(Input for this task)
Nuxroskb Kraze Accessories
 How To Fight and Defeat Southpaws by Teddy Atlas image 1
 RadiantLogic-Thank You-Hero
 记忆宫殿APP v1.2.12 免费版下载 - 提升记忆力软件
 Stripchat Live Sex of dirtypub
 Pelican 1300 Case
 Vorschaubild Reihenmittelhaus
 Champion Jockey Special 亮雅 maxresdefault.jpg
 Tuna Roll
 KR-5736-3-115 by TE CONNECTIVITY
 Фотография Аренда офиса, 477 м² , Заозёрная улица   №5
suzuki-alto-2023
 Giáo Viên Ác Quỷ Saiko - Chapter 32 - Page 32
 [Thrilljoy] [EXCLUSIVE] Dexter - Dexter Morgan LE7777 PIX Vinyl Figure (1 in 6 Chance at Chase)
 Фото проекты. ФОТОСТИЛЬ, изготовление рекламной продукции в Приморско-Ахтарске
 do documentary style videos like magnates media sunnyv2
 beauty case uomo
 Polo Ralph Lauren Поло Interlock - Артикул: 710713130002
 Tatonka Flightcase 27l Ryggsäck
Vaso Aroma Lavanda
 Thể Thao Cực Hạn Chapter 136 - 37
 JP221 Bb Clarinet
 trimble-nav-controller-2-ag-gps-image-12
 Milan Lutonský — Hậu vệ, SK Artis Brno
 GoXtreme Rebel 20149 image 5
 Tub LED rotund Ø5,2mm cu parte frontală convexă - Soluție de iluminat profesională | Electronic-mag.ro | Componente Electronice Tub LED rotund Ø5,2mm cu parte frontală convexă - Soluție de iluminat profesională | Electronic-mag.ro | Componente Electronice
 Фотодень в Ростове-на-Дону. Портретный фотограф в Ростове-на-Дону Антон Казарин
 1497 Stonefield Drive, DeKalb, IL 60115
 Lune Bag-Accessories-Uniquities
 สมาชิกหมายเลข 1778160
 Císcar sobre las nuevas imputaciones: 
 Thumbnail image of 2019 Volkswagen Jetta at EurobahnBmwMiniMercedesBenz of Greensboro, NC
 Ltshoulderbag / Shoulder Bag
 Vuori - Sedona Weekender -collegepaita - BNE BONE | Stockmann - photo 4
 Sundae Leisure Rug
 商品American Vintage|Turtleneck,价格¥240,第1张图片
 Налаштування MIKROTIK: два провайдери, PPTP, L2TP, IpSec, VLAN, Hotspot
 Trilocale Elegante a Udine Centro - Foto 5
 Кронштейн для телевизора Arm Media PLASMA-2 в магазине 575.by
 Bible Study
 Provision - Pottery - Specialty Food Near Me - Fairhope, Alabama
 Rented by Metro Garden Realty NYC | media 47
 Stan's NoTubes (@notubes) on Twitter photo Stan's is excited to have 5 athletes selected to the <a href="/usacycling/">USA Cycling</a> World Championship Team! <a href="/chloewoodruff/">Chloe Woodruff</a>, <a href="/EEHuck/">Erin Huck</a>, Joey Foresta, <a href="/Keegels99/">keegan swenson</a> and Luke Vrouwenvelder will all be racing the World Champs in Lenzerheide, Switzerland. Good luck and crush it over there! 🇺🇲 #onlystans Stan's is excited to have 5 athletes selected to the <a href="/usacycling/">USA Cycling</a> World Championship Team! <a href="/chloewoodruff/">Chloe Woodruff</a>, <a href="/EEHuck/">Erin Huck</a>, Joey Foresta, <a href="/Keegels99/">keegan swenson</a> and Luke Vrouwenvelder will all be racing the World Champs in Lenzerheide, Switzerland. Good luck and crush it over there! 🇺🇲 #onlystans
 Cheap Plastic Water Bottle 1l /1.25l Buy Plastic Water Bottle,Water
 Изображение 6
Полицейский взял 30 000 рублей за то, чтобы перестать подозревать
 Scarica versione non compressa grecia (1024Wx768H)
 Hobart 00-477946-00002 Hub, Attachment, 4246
(End Input for this task)
Locate the word "photo" in the records and collect each line it appears in.

Answer to this problem:
 Vuori - Sedona Weekender -collegepaita - BNE BONE | Stockmann - photo 4
 Stan's NoTubes (@notubes) on Twitter photo Stan's is excited to have 5 athletes selected to the <a href="/usacycling/">USA Cycling</a> World Championship Team! <a href="/chloewoodruff/">Chloe Woodruff</a>, <a href="/EEHuck/">Erin Huck</a>, Joey Foresta, <a href="/Keegels99/">keegan swenson</a> and Luke Vrouwenvelder will all be racing the World Champs in Lenzerheide, Switzerland. Good luck and crush it over there! 🇺🇲 #onlystans Stan's is excited to have 5 athletes selected to the <a href="/usacycling/">USA Cycling</a> World Championship Team! <a href="/chloewoodruff/">Chloe Woodruff</a>, <a href="/EEHuck/">Erin Huck</a>, Joey Foresta, <a href="/Keegels99/">keegan swenson</a> and Luke Vrouwenvelder will all be racing the World Champs in Lenzerheide, Switzerland. Good luck and crush it over there! 🇺🇲 #onlystans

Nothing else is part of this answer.